Article 10° of the National Education Law establishes that the national Ministry of Education, the Federal Education Council and the national teachers’ unions will set the minimum teachers’ salary. The Omnibus bill, which the government submitted to Congress, reaffirms this mandate in its Article 551°. But Article 552° establishes that the provinces -which are in charge of the management of education– will agree on another minimum teacher salary for their jurisdiction. In conclusion, in a confusing and contradictory manner, the overlapping of roles between jurisdictions is maintained in a very sensitive issue such as the determination of teachers’ salaries in basic education.

The overlapping dates back to 2006 when the National Education Law was enacted. In practice, it implies that national officials agree with national teachers’ unions on the minimum remuneration that applies throughout the country. Then, taking this floor as a reference, in each province the provincial Ministry of Education negotiates with the provincial teachers’ unions the salary scales. This scheme encourages conflict and forces the Nation to pay part of the provincial teachers’ salaries. 

With information published by the Ministry of Education, it is possible to quantify the national participation in the financing of provincial teachers’ salaries. As of September 2023, the latest official data available, it is observed that:

  • The national contribution to provincial teachers’ salaries was AR$28,700.  
  • The average gross salary of all provinces was AR$320,000.
  • This implies that the national Ministry of Education contributes only with 9%, on average, of the teachers’ salaries paid by the provinces.  

These data show that the national contribution to provincial teachers’ salaries is low. Thus, in the national bargaining process, wage raises are fixed despite that they are mostly financed by the provincial budgets. A centralized negotiation establishing a legal mandate, whose financial consequences are paid by a third party (the provinces), generates the wrong incentives. The main consequences are that it increases the teachers conflict in the provinces and the provincial pressures on the federal government to finance part of teachers’ salaries acquire legitimacy. 

The omnibus bill proposes that the federal government promotes in the Federal Council of Education common criteria for the teaching career, the evaluation of new teachers and the evaluation of young people who finish high school. These are very relevant actions in the objective of improving provincial educational management. For this reason, it is very contradictory that the project maintains the bad practice of the federal level intervening in the salary negotiation, instead of concentrating on making it clear that the central level only has monitoring functions. The worst is that this goes against the goal of lowering public spending since it exacerbates the pressure of the provinces on the federal level to finance part of the teachers’ salaries. 

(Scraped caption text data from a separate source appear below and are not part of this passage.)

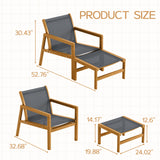 Homall 4 Pieces Patio Conversation Set Outdoor Furniture Set Textilene Acacia Wood Outdoor Chair with Ottoman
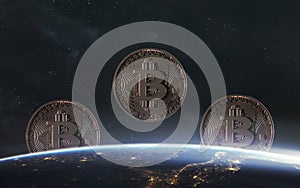 3D illustration of Bitcoin on the background of the planet Earth. Cryptocurrencies - the blockchain technology of the future.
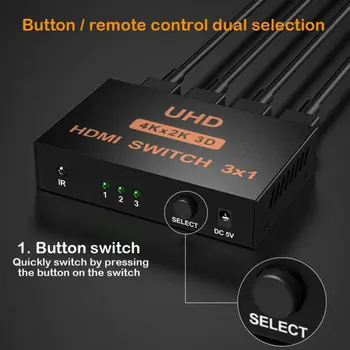 3 1. Hdml Splitter Įjunkite Adapterį Switcher 4K Ultra Hd-Hdcp 3D Hdr Su Nuotolinio Hdml Jungiklis Switcher
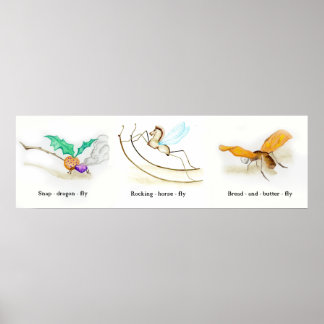 Alice in Wonderland Bugs Poster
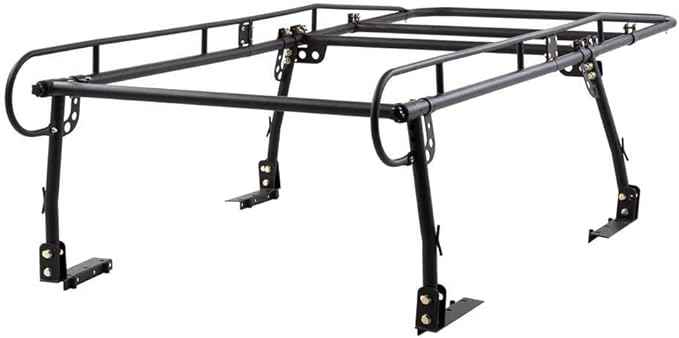 Rockland Universal Full-Size Steel Over-Cab Truck Rack, 800 LBS Capacity, 136.5" x 55" x 34.25", 49"-64" Adjustable Truck Bed Width, Extendable Truck Ladder Rack with None Drilling C-Clamps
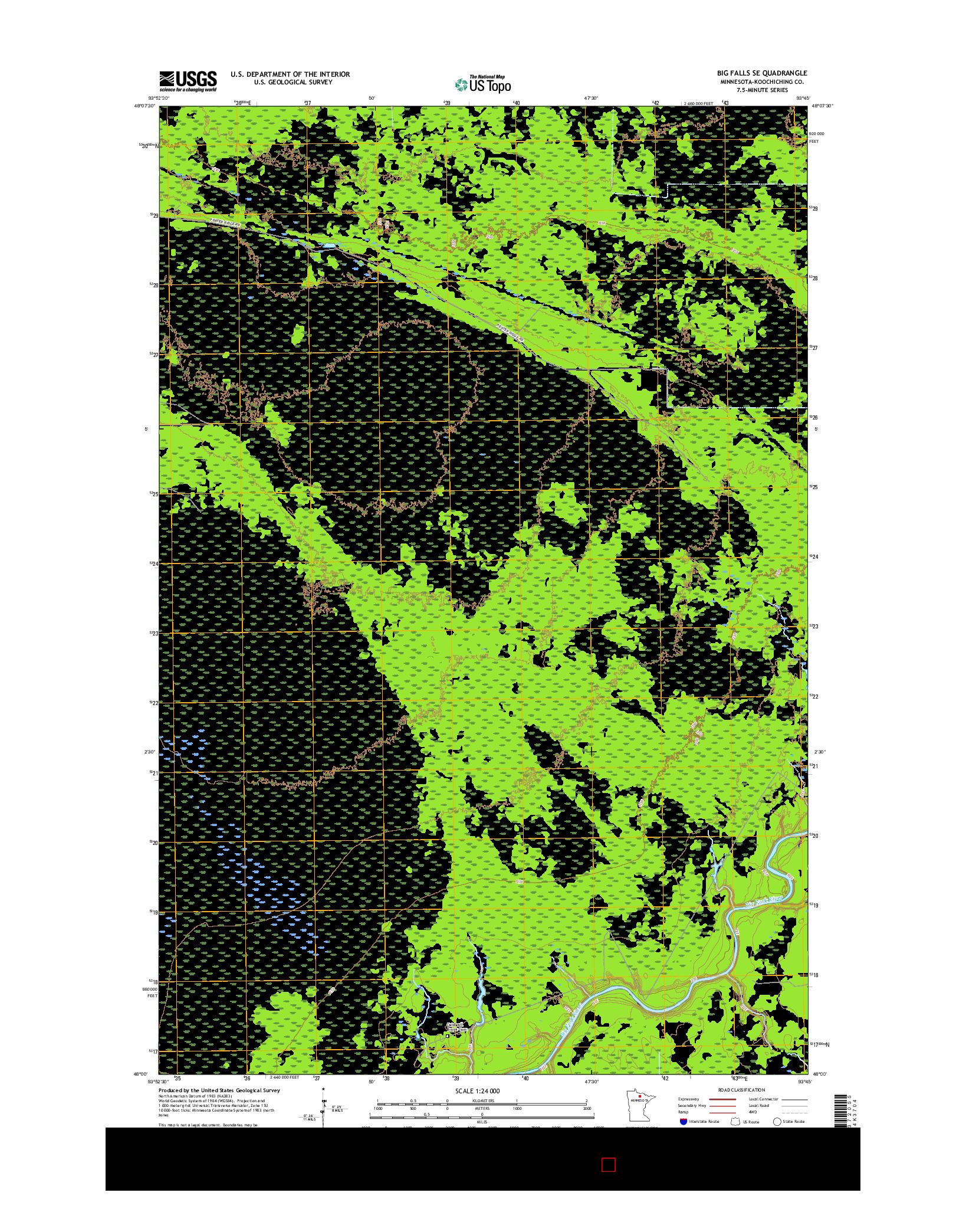 USGS US TOPO 7.5-MINUTE MAP FOR BIG FALLS SE, MN 2016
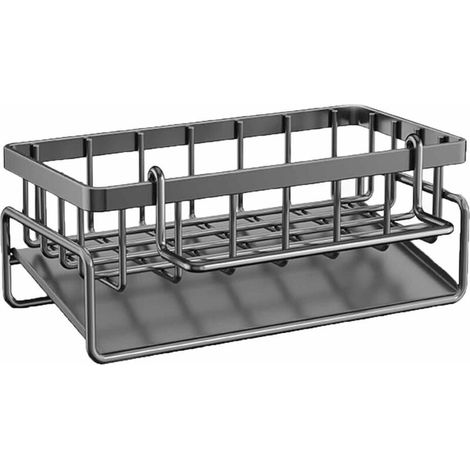 Étagère de rangement pour évier de cuisine, porte-serviettes, étagère de rangement sous évier (avec bac de drainage, peut contenir des éponges) Accessoires de salle de bain - Gris (1/5)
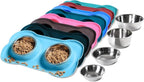 Hubulk Pet Dog Bowls 2 Stainless Steel Dog Bowl with No Spill Non-Skid Silicone Mat + Pet Food Scoop Water and Food Feeder Bowls for Feeding Small Medium Large Dogs Cats Puppies (Large, Turquoise)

This is not the only error contained in the Omnibus bill regarding the federal system. For example, the bill moves forward with the delayed transfer of ordinary and labor justice from the national jurisdiction to the Autonomous City of Buenos Aires. But it keeps the General Inspectorate of Justice and the regulatory functions in the distribution of electric power in the metropolitan region in the national sphere, when in the rest of the country they are provincial responsibilities. Nor does the bill transfer the electric distribution concessions (Edenor and Edesur) and the ownership of the public water and sewage company of the metropolitan region (AySA) to the Autonomous City and the province of Buenos Aires.

The omnibus law aims to introduce as deep and comprehensive transformations as necessary. But for the objectives to be achieved it is essential to overcome mistakes. Several of them are related to the organization of the federal regime. Congress has the historic opportunity to correct them and thus make a decisive contribution for Argentina to emerge from its decadence.